Effects of larotrectinib on other agents
Effect of larotrectinib on CYP3A substrates
Clinical data in healthy adult subjects indicate that co-administration of VITRAKVI (100 mg twice
daily for 10 days) increased the Cmax and AUC of oral midazolam 1.7-fold compared to midazolam
alone, suggesting that larotrectinib is a weak inhibitor of CYP3A.
Exercise caution with concomitant use of CYP3A substrates with narrow therapeutic range (e.g.
alfentanil, ciclosporin, dihydroergotamine, ergotamine, fentanyl, pimozide, quinidine, sirolimus, or
tacrolimus) in patients taking VITRAKVI. If concomitant use of these CYP3A substrates with narrow
therapeutic range is required in patients taking VITRAKVI, dose reductions of the CYP3A substrates
may be required due to adverse reactions.
Effect of larotrectinib on CYP2B6 substrates
In vitro studies indicate that larotrectinib induces CYP2B6. Co-administration of larotrectinib with
CYP2B6 substrates (e.g. bupropion, efavirenz) may decrease their exposure.

Effect of larotrectinib on other transporter substrates
In vitro studies indicate that larotrectinib is an inhibitor of OATP1B1. No clinical studies have been
performed to investigate interactions with OATP1B1 substrates. Therefore, it cannot be excluded
whether co-administration of larotrectinib with OATP1B1 substrates (e.g. valsartan, statins) may
increase their exposure.
Effect of larotrectinib on substrates of PXR regulated enzymes
In vitro studies indicate that larotrectinib is a weak inducer of PXR regulated enzymes (e.g. CYP2C
family and UGT). Co-administration of larotrectinib with CYP2C8, CYP2C9 or CYP2C19 substrates
(e.g. repaglinide, warfarin, tolbutamide or omeprazole) may decrease their exposure.
Hormonal contraceptives
It is currently unknown whether larotrectinib may reduce the effectiveness of systemically acting
hormonal contraceptives. Therefore, women using systemically acting hormonal contraceptives should
be advised to add a barrier method.


Women of childbearing potential / Contraception in males and females
Based on the mechanism of action, foetal harm cannot be excluded when administering larotrectinib to
a pregnant woman. Women of childbearing potential should have a pregnancy test prior to starting
treatment with VITRAKVI.
Women of reproductive potential should be advised to use highly effective contraception during
treatment with VITRAKVI and for at least one month after the final dose. As it is currently unknown
whether larotrectinib may reduce the effectiveness of systemically acting hormonal contraceptives,
women using systemically acting hormonal contraceptives should be advised to add a barrier method.
Males of reproductive potential with a non-pregnant woman partner of child-bearing potential should
be advised to use highly effective contraception during treatment with VITRAKVI and for at least one
month after the final dose.
Pregnancy
There are no data from the use of larotrectinib in pregnant women.
Animal studies do not indicate direct or indirect harmful effects with respect to reproductive toxicity
(see section 5.3).
As a precautionary measure, it is preferable to avoid the use of VITRAKVI during pregnancy.
Breast-feeding
It is unknown whether larotrectinib/metabolites are excreted in human milk.
A risk to the newborns/infants cannot be excluded.
Breast-feeding should be discontinued during treatment with VITRAKVI and for 3 days following the
final dose.
Fertility
There are no clinical data on the effect of larotrectinib on fertility. No relevant effects on fertility were
observed in repeat-dose toxicity studies (see section 5.3).
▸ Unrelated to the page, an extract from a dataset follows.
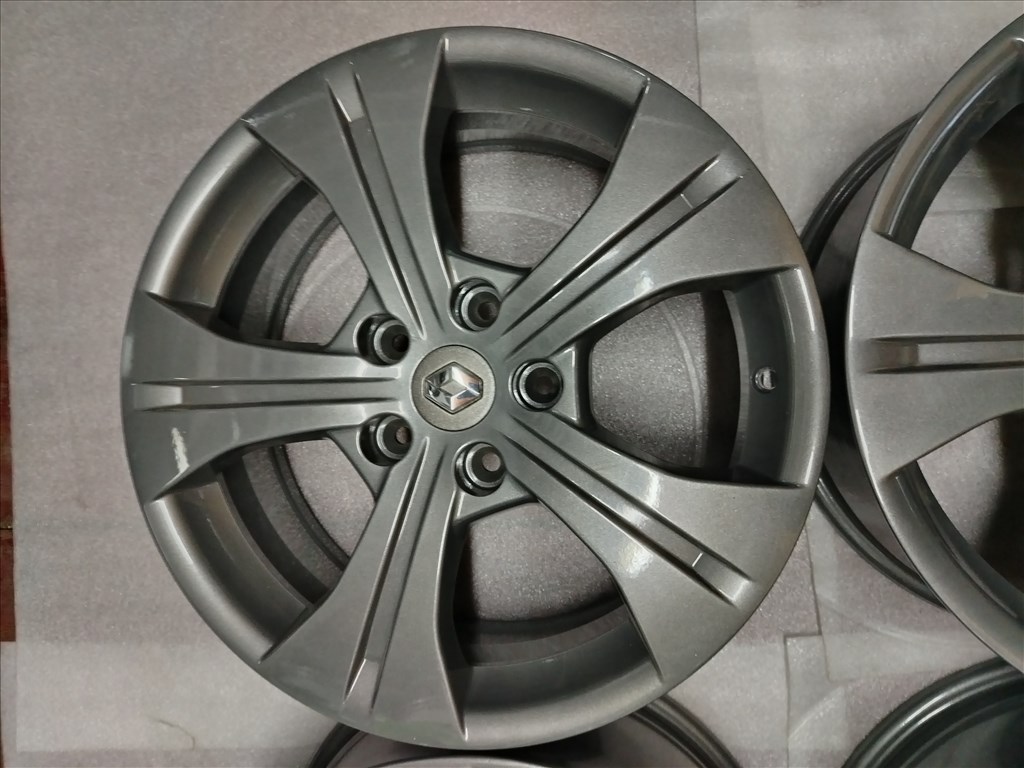  Renault Laguna/Koleos/Espace 17" (gyári felni) alufelni 5. kép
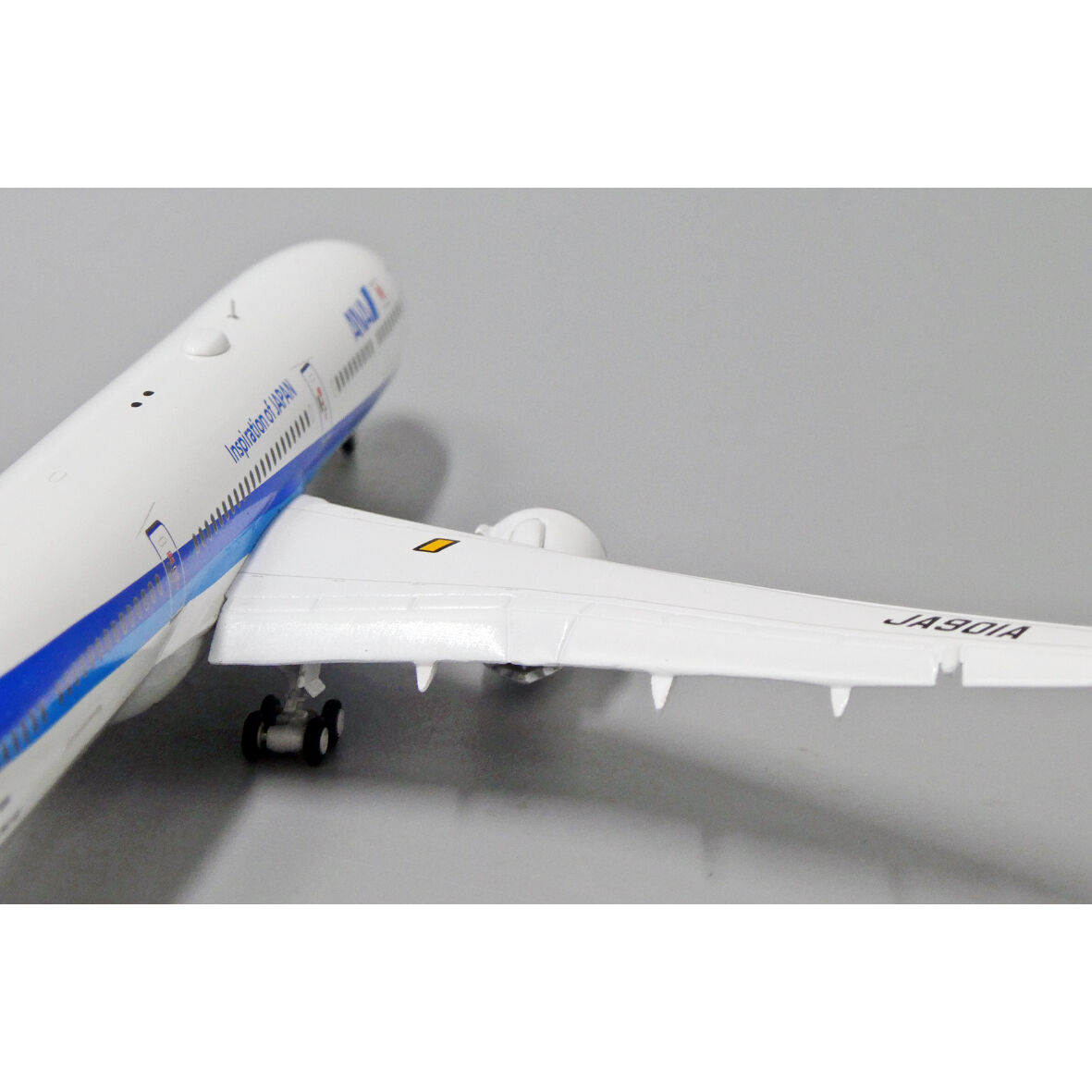 非売品・新商品情報】1/400 B787-10 ANA JA901A flap down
VITRAKVI has a moderate influence on the ability to drive and use machines. Dizziness and fatigue
have been reported in patients receiving larotrectinib, mostly Grade 1 and 2 during the first 3 months
of treatment. This may influence the ability to drive and use machines during this time period. Patients
should be advised not to drive and use machines, until they are reasonably certain VITRAKVI therapy
does not affect them adversely (see section 4.4).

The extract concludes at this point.